While digging through the boxes in my childhood bedroom closet today, I re-discovered my baby book. Baby’s Milestones: Birth to Seven Years.

A freebie from local businesses at the time, it’s banana yellow with orange polka dots and has an image of a sleeping baby in a bassinet on the front cover. It’s quintessential baby-bookish.

I remember when I first discovered the book years ago. Actually, I don’t so much remember discovering it as I remember being surprised by its contents. It was only partially-filled.
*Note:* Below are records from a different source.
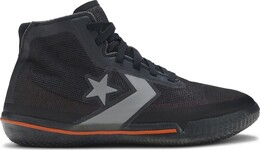 Кроссовки Converse All Star Pro BB Black, черный 165654c | black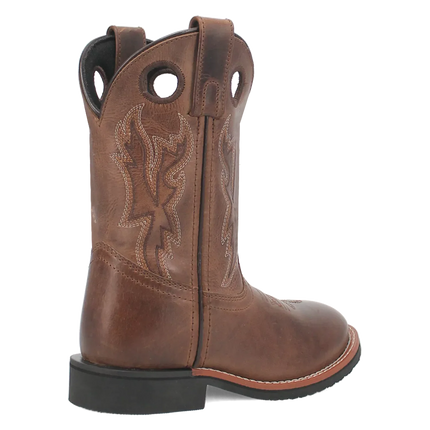 Dan Post Lil' Dawson - Little Kid's/Big Kid's Leather Cowboy Boots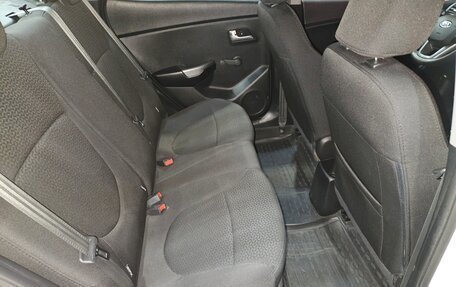 KIA Rio III рестайлинг, 2013 год, 749 000 рублей, 12 фотография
And, I don’t mean partially-filled as in “Birth to 3.5 years,” but rather partially-filled as in “Birth to 18 months.” While those first 18 months were well-documented, the time that followed held nothingness.

I remember at the time deciding to cut Mom some slack. After all, I was the third child, and any information she could’ve provided would’ve been along the lines of “been there, done that,” and who wants to write about the same thing twice, let alone thrice?

Anyway, it all mattered not, because I was more than happy to help Mom out and fill in the rest of the information on my own. After all, who could possibly know me better than me?

Under Marks of Identification: Footprints & Fingerprints (left and right), I drew in toes and fingers. I drew baby-sized toes and fingers, and I drew present-day-sized toes and fingers. Why have just the baby-sized appendages shown? Wouldn’t readers appreciate present-day sizes also? Yes, surely they would.

Even then I was clearly on top of my rationalization skills.

Under First Trips, I described the beach (“fun”), the country (“live there”), the zoo (“been there”), the circus (“haven’t been there”), in a train (“no”), in an automobile (“yes”), boat (“yes”), airplane (“no”) and bus (“yes”). Judging by my wobbly cursive writing, I’m guessing I found this book when I was in the third grade.

Under Photographs, I traced my left hand, drew in fingernails and signed my name. You can never have too many outlines of your hands in your baby book. Nor can you have too many examples of your signature. I would’ve hated for my identity to be mistaken for someone else’s. Especially in my own baby book. It turns out I was just as concerned about my identity back then as I am today.

And, if you’re wondering, my current hand size now dwarfs my third-grade hand.

I left First Friendships blank. Sad, I know. Under Kindergarten, I listed my school and teacher and then I described my first day: “The first day of school was nerves for me.”

Of course, it was. Because I couldn’t spell. That would make any kindergartner anxious.

Under First Grade, I printed “very nervous” in giant letters. Under Second Grade, I wrote: “very very nervous.” We must not have explored punctuation, yet. And, I have to say, I’m glad that the book ended at second grade, because who knows just how much nervousness I would’ve described in the years following.

Next came First Experiences with Money, and mine were memorable. First allowance: “never.” First Money to Spend: “never.” First Money Saved: “never.”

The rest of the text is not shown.